Andreas Wygrabek works as a freelance Data Science consultant and trainer in programming and statistical analysis. He has gained more than 12 years of experience in AI, Machine Learning, and Big Data.
Before, Andreas was working at one of the first Data Science companies in Germany.
Pioneers in Data Science
I’ve been working in the field of Data Science for 12 years. My first job title was still data analyst. I started my studies in Kassel in 2003 and the combination of subjects consisting of sociology and psychology has at first glance little to do with the skillset with which I pursue my profession today as a software developer and analyst.
However, since my focus was on empirical/quantitative research, data and statistics and analysis tools were constant companions in my studies. I’ve always had a fascination for technology, software and programming languages – together with the statistical methodological know-how of my student days, this has sharpened my Data Science profile.
In 2010 an acquaintance of mine started his own business and asked me if I wanted to work in his management consultancy. The business idea was revolutionary in those days but sounds common to us nowadays: Use powerful open-source technologies to generate insights in data and replace slow, cost intensive and limited legacy systems. In retrospect, this was a great strategy, as it was precisely the time when Data Science was born in Europe. Before that, it was more common to do data analysis using proprietary software like SPSS or SAS.
You could see that the amount of data was growing very fast, but you didn’t really know how to generate insights from it.
After my time as an analytics consultant, I wanted to take a different direction and decided to do a doctorate in the field of energy economics. There we analyzed how much renewable energy should be fed into the grid to enable optimal energy use. However, I was not very fond of the research field, and luckily, my daughter was born at that time. So, I decided to give up research and start my own business as a freelancer, which I still do today.
Data Science Freelancer
As a freelance Data Science consultant, I offer three types of services in my portfolio:
- Data analysis, model development and statistical consultancy.
- Software development in the field of data analysis.
- Training and workshops on Data Science.
My courses are mainly aimed at people who wish to deepen their knowledge of analytics.
At the start, most of my first projects were training courses. A few months later, I got involved in larger Data Science development projects as a freelancer.

From PoCs to DevOps
Looking back, there was a lot of uncertainty regarding open-source software like R or Python. Especially on the management level, open-source was a bit disreputable. (Similar to Wikipedia, there was still a lot of uncertainty when using it as a professional source.)
The early phase was also characterized by companies taking their first steps in analytics and approaching data. They tried to tap into the existing large database systems to see what could be done with it. A lot of Prove of Concepts (PoC) was created. Often the business cases were not clearly defined.
This has changed in the last years. A lot of companies are no longer in this pioneering phase and are already working on and implementing product-ready solutions.
The trend shows that DevOps occupies an increasingly large part in Data Science.
In the course of this development, the requirement profile of data scientists has shifted. Especially in the early days, a Data Scientist was further away from software development. It used to be more about creating models to have the first draft. Quick-and-dirty solutions were tested to show how inherent informationcan be transformed into business cases..
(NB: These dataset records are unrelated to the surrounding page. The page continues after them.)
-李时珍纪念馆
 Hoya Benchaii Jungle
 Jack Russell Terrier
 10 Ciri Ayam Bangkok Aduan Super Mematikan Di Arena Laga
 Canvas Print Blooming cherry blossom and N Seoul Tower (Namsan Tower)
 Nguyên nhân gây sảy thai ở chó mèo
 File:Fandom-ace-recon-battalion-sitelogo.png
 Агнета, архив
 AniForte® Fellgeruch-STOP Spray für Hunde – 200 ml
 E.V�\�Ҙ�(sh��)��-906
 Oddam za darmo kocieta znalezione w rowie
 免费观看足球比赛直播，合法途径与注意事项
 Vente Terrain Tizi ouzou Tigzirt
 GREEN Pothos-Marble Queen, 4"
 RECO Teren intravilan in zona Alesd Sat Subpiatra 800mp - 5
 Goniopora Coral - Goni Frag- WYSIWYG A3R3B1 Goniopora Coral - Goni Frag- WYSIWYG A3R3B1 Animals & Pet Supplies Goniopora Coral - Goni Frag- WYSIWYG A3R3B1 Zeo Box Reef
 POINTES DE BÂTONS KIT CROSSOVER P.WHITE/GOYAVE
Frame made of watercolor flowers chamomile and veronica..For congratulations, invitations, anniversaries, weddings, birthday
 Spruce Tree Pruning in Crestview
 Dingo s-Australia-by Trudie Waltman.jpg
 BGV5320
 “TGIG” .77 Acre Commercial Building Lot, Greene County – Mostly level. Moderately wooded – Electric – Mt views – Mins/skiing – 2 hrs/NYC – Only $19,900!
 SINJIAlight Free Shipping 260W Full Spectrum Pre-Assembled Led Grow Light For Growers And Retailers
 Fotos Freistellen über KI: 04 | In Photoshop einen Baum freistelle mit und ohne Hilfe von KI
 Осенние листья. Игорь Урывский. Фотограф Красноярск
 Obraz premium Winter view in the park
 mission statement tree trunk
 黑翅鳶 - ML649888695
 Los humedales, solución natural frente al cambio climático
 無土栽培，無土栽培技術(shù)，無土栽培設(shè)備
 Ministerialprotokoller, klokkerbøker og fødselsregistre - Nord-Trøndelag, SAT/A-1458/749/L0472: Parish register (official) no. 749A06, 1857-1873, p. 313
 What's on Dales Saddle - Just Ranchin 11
Now people think more from the beginning about solutions that can be used operationally. this trend resulted in the growing need for DevOps and Software Development Skills in the Data Science-
Development of the Freelancer Market
Especially in the last years, the Data Science market was favorable for freelancers.There were many possibilities to become engaged as a developer. However, also because of Corona, an increasing slimming of the market is evident. The projects for freelancers are becoming less. This inevitably leads to the fact that I now offer my training courses online, which were previously held exclusively on or offsite.
Nevertheless, I can very well imagine continuing to work as a freelancer in the coming years. I am delighted with the development of my portfolio so far.
The Future of Data Science
I believe that we are still in our infancy. In the course of digitalization, I think that the market will continue to grow. Particularly, when I see how little digitalized, and automated many company processes still are.
As mentioned above, software development concepts are going to make up a more significant percentage of Data Science. Furthermore, I am convinced that a particular domain understanding of data itself is crucial to work efficiently and interpret the results. This makes it easier to put oneself in the problem definition and to create added value.
Create value from data
Data Science should be thought of as end-to-end.
The essence is that you manage to bring information to business processes. Data analysis must not be an end in itself. It is a critical factor that should be seen by every Data Scientist. Analysts often tend to get excellent results, but often fail to bring these results into the processes. The added value comes from the fact that a user group accepts these results as a basis for decision-making. Data Science should be thought of as end-to-end.